Your answer must hold only the lines below from the line containing "Sleep Here Hostel, Melaka Eksteriør billede" through the line containing "三野文太被金氏世界紀錄認證為", each reproduced exactly.

* [Data excerpts]
——

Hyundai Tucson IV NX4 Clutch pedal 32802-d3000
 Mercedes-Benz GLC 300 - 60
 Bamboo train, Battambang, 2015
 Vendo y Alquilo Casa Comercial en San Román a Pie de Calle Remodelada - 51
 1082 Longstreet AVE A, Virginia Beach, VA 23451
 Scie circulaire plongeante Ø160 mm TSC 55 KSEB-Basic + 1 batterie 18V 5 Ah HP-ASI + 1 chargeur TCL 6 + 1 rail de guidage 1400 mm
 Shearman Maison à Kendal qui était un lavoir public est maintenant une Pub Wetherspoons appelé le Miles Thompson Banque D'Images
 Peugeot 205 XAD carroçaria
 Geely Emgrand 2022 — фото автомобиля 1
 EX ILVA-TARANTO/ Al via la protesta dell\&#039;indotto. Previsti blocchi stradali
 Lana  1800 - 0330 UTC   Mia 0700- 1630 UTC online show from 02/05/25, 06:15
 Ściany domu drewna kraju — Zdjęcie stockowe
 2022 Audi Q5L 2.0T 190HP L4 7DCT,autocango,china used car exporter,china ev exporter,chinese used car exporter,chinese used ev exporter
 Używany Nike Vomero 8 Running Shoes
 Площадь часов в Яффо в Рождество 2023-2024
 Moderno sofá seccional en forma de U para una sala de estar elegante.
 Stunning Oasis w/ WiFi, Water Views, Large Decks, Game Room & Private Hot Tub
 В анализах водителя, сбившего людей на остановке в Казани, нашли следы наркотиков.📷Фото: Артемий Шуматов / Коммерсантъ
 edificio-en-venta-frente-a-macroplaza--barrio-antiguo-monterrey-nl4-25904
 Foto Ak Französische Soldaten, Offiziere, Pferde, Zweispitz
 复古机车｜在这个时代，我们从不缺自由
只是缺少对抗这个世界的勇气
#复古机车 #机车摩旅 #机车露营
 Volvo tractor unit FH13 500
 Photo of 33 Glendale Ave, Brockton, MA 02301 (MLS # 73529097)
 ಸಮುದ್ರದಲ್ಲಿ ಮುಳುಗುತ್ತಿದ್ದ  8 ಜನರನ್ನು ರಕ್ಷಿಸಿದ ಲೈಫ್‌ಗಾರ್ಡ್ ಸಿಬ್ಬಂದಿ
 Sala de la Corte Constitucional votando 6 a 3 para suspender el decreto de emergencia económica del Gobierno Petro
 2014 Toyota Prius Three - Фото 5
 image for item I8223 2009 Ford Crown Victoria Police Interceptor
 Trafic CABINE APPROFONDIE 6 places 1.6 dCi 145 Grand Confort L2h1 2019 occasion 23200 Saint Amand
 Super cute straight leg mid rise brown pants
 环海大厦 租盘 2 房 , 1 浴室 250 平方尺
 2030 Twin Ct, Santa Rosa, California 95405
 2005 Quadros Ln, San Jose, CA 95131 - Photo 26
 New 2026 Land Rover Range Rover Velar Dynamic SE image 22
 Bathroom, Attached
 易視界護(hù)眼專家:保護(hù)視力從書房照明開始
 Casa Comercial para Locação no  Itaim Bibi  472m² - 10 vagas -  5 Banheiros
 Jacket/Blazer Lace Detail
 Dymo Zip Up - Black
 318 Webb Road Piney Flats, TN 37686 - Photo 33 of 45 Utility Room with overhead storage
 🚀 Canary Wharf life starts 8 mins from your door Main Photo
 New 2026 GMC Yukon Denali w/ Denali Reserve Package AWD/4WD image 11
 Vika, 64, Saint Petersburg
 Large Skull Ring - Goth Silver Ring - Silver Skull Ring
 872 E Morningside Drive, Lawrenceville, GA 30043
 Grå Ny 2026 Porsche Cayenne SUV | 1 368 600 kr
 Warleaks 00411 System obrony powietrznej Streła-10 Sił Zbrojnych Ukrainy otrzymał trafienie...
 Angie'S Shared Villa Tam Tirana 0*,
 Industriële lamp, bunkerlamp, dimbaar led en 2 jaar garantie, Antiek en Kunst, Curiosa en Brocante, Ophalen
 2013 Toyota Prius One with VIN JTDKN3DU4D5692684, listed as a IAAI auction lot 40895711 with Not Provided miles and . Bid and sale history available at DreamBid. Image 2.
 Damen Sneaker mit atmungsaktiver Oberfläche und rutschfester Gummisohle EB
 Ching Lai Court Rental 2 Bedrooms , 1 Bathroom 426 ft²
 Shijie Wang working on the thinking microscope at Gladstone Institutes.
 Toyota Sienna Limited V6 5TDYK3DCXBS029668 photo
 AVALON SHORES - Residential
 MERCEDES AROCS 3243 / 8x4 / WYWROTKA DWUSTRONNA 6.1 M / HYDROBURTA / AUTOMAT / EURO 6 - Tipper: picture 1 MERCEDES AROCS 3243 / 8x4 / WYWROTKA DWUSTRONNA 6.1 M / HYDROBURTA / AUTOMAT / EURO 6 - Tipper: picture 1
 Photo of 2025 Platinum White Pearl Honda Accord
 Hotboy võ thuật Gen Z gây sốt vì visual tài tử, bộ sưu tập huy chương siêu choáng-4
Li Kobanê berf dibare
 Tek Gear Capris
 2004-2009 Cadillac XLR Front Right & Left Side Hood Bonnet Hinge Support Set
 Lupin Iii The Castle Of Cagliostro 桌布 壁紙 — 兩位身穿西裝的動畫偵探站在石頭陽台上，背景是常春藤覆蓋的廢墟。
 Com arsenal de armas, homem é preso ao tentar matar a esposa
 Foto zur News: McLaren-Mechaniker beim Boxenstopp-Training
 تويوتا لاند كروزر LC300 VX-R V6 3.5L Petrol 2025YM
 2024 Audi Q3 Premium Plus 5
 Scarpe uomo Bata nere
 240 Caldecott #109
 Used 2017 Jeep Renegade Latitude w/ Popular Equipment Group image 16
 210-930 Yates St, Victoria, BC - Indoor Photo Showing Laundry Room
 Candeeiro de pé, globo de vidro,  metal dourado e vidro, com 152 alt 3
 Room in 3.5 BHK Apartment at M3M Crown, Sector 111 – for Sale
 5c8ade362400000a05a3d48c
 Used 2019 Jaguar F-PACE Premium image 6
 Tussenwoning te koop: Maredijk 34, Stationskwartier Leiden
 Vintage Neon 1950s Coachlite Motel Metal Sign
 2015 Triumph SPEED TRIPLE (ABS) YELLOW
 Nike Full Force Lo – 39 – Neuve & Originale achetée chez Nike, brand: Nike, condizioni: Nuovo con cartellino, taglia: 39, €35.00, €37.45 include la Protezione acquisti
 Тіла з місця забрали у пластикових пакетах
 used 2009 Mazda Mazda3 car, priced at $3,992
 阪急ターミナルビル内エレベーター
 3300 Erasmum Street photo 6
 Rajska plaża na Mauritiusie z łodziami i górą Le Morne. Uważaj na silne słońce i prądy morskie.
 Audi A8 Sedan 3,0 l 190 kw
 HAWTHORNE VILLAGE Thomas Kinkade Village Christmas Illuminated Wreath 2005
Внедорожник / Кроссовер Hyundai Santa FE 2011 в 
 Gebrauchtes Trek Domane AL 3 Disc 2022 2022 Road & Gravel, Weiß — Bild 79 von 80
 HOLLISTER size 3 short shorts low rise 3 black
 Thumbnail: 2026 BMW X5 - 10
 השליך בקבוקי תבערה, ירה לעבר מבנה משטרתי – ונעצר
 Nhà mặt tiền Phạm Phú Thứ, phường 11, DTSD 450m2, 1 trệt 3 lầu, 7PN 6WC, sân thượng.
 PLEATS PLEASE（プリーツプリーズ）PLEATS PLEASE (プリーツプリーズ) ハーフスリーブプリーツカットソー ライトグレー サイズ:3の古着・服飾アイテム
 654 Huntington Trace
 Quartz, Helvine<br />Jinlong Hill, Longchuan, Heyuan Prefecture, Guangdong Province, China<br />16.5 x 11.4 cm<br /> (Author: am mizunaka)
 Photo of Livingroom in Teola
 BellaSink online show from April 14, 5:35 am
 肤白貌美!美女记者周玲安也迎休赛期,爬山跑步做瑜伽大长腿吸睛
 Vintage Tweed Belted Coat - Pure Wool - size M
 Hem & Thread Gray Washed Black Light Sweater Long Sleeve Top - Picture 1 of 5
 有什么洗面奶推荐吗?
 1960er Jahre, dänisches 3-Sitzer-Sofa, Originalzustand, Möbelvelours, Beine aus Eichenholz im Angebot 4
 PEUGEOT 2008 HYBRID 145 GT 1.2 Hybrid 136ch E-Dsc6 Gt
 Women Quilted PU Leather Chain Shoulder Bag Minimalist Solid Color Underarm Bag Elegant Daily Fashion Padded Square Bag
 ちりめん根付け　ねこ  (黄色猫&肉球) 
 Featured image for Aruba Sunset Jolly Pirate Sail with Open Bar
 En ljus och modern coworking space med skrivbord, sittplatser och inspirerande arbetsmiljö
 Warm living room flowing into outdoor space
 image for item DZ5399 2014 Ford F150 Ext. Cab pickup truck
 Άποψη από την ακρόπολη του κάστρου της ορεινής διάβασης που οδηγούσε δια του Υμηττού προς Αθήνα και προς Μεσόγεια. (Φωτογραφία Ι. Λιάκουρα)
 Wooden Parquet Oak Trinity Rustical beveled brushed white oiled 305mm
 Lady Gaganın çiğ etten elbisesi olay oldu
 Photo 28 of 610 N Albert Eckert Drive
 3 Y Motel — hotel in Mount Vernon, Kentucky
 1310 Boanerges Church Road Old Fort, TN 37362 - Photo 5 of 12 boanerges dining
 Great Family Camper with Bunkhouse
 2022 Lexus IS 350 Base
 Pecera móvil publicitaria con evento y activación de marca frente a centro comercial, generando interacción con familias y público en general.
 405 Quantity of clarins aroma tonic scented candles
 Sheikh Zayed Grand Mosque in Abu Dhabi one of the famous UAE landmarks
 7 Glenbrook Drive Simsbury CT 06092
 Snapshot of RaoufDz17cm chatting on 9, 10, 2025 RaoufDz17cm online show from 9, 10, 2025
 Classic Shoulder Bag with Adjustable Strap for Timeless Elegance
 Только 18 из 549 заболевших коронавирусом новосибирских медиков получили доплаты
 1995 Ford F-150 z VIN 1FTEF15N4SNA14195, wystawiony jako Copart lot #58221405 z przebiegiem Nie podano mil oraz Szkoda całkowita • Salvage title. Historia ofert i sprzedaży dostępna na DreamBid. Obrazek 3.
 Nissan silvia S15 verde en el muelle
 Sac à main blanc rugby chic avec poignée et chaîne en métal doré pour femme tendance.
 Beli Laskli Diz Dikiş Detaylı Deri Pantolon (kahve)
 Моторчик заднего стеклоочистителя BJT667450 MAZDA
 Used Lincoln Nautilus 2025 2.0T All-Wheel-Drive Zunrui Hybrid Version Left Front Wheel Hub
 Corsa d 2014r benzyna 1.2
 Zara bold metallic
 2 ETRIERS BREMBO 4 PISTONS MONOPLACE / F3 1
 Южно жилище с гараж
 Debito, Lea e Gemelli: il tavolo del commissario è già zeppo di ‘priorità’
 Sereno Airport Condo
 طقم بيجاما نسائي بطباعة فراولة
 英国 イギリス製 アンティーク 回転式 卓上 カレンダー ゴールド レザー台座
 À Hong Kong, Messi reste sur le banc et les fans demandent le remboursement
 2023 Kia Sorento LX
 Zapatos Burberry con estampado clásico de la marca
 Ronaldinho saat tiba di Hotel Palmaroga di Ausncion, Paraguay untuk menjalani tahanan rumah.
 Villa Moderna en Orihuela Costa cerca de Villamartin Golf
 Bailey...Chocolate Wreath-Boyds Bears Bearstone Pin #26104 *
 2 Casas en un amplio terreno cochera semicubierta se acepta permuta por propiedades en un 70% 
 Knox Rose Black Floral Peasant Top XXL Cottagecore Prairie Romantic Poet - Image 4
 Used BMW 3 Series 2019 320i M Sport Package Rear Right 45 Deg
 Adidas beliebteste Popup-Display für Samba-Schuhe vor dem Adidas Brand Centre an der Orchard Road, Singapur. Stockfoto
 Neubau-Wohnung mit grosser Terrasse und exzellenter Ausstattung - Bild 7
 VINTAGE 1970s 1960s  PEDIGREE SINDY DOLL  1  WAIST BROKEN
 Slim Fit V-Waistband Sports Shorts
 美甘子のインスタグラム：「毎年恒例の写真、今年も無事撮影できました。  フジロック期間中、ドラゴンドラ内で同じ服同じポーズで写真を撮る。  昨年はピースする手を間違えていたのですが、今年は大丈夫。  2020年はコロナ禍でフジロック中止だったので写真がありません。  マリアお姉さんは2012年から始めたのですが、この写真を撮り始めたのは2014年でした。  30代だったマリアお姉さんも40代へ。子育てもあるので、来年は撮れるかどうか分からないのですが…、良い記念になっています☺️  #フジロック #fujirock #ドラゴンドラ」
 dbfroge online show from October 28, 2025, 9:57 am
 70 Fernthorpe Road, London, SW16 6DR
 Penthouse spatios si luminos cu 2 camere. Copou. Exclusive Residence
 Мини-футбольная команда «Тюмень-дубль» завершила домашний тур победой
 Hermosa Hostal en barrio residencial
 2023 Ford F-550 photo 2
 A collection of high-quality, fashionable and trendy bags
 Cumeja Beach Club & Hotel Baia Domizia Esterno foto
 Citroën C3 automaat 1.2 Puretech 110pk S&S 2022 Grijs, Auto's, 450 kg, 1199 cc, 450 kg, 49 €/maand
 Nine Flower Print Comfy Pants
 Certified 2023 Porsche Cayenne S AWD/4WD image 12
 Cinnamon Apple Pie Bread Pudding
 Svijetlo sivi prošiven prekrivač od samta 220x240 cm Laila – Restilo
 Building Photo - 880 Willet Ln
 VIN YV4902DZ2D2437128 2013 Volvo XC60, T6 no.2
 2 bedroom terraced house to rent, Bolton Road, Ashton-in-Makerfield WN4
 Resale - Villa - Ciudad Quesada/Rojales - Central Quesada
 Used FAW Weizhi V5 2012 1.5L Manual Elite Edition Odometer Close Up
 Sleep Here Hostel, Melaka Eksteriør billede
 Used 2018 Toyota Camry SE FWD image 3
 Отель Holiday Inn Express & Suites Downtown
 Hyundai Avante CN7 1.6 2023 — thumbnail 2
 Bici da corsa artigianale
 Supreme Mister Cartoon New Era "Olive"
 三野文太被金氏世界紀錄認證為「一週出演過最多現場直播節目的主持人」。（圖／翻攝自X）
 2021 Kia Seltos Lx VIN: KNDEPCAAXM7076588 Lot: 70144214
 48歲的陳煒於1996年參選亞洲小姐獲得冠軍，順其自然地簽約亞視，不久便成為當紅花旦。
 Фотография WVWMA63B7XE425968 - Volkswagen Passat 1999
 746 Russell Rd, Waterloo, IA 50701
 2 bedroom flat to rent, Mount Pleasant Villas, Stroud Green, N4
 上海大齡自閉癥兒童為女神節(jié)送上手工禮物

——

* [Task response]
 Sleep Here Hostel, Melaka Eksteriør billede
 Used 2018 Toyota Camry SE FWD image 3
 Отель Holiday Inn Express & Suites Downtown
 Hyundai Avante CN7 1.6 2023 — thumbnail 2
 Bici da corsa artigianale
 Supreme Mister Cartoon New Era "Olive"
 三野文太被金氏世界紀錄認證為「一週出演過最多現場直播節目的主持人」。（圖／翻攝自X）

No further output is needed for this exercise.